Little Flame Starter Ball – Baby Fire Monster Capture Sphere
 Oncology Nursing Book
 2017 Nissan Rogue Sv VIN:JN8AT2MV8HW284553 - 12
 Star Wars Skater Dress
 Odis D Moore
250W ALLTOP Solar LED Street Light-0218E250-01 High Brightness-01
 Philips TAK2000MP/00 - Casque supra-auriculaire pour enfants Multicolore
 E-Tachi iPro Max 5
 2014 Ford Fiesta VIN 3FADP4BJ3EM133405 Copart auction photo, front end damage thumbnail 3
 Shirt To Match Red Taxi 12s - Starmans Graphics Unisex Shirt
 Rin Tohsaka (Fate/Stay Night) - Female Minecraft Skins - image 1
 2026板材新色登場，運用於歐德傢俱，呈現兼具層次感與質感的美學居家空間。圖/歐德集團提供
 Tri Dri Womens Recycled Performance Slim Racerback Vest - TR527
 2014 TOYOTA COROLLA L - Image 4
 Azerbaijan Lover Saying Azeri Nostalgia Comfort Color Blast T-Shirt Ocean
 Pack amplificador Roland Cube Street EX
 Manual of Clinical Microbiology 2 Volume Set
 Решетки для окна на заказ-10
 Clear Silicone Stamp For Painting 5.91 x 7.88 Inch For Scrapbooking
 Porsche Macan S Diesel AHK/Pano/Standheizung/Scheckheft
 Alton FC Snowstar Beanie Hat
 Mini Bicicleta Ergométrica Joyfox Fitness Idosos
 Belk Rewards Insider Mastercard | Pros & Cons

◆ ◆ ◆

### [Directions]
Keep both end lines and retype everything in the records above from the line containing "Odis D Moore" through the line containing "Решетки для окна на заказ-10", exactly, with nothing else.

### [Solution to the problem]
 Odis D Moore
250W ALLTOP Solar LED Street Light-0218E250-01 High Brightness-01
 Philips TAK2000MP/00 - Casque supra-auriculaire pour enfants Multicolore
 E-Tachi iPro Max 5
 2014 Ford Fiesta VIN 3FADP4BJ3EM133405 Copart auction photo, front end damage thumbnail 3
 Shirt To Match Red Taxi 12s - Starmans Graphics Unisex Shirt
 Rin Tohsaka (Fate/Stay Night) - Female Minecraft Skins - image 1
 2026板材新色登場，運用於歐德傢俱，呈現兼具層次感與質感的美學居家空間。圖/歐德集團提供
 Tri Dri Womens Recycled Performance Slim Racerback Vest - TR527
 2014 TOYOTA COROLLA L - Image 4
 Azerbaijan Lover Saying Azeri Nostalgia Comfort Color Blast T-Shirt Ocean
 Pack amplificador Roland Cube Street EX
 Manual of Clinical Microbiology 2 Volume Set
 Решетки для окна на заказ-10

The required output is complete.